日本の温室効果ガスの約9割はCO2であり、そのうちの約4割は電力部門から排出されています。よって、カーボンニュートラルを実現するためには、電力部門におけるCO2の削減が鍵となります。なかでも、発電におけるCO2の削減手段としてアンモニアの活用が近年注目されています。
アンモニアってなに?
アンモニアは、窒素と水素の化合物で化学式はNH3です。常温常圧では無色、強い刺激のある気体であり、加圧や冷却により比較的簡単に液化できます。また水にもよく溶けてアンモニア水となります。
アンモニアは毒性があり、液化アンモニアは空気や強酸と混合すると爆発するなどの危険性もあり、私達は日常生活の中で直接接触することはほとんどありませんが、農業に欠かせない肥料として広く利用されています。

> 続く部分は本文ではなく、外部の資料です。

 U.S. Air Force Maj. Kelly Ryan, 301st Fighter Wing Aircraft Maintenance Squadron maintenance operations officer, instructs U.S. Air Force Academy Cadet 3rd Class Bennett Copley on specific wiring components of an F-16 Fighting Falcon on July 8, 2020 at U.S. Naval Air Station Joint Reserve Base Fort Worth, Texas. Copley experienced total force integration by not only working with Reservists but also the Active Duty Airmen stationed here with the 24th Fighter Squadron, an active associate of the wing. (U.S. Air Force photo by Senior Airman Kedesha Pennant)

また、衣料品や建材などに使われるナイロンも、アンモニアを原料として作られています。このように、アンモニアは既に陰で私たちの暮らしを支えています。
注目されているアンモニアの新しい用途とは?
一つ目は、「エネルギーキャリア」としての利用です。近年、グリーンエネルギーである水素による発電は世界中から注目を集めていますが、体積当たりのエネルギー密度が低い(天然ガスの1/3程度)ため、大量輸送・貯蔵が課題とされています。
そこで、「エネルギーキャリア」すなわち輸送媒体としてアンモニアが登場します。水素を体積当たりのエネルギー密度が大きいアンモニアに変換して輸送し、燃料として利用する際に再び水素に戻すという方法が考案されています。
また、アンモニアは既に様々な領域で広く利用されており、安全に運搬、貯蔵、利用する技術やインフラが備わっているため、初期投資を抑えて早期の社会実装が可能な点について大きな優位性があると考えられます。
二つ目は、燃料としての利用です。アンモニアは窒素と水素の化合物であり、燃焼してもCO2が生成しないため、カーボンフリーな燃料としての利用も考案されています。
現在では、石炭ボイラーにアンモニアを混ぜて燃焼する、またはアンモニア100%で専焼する技術の開発および実証が進んでおり、経済産業省の「燃料アンモニア導入官民協議会中間取りまとめ」の資料によると、石炭火力にアンモニアを20%で混焼することで、CO2の排出は20%抑制され、国内の大手電力会社の石炭火力発電をすべてアンモニア専焼に切り替えればCO2排出量は約2億トンの削減になり、現在の日本の電力部門のCO2排出量を半減できます。
おわりに
次世代エネルギーとしてのアンモニアの利用については、まだいくつか課題が存在しており、実用に向けて様々な研究および実験が行われています。近い将来には、石炭火力発電に替わる発電手段として水素やアンモニアの活用が進むことにより、電力部門の脱炭素化の促進につながることが期待されています。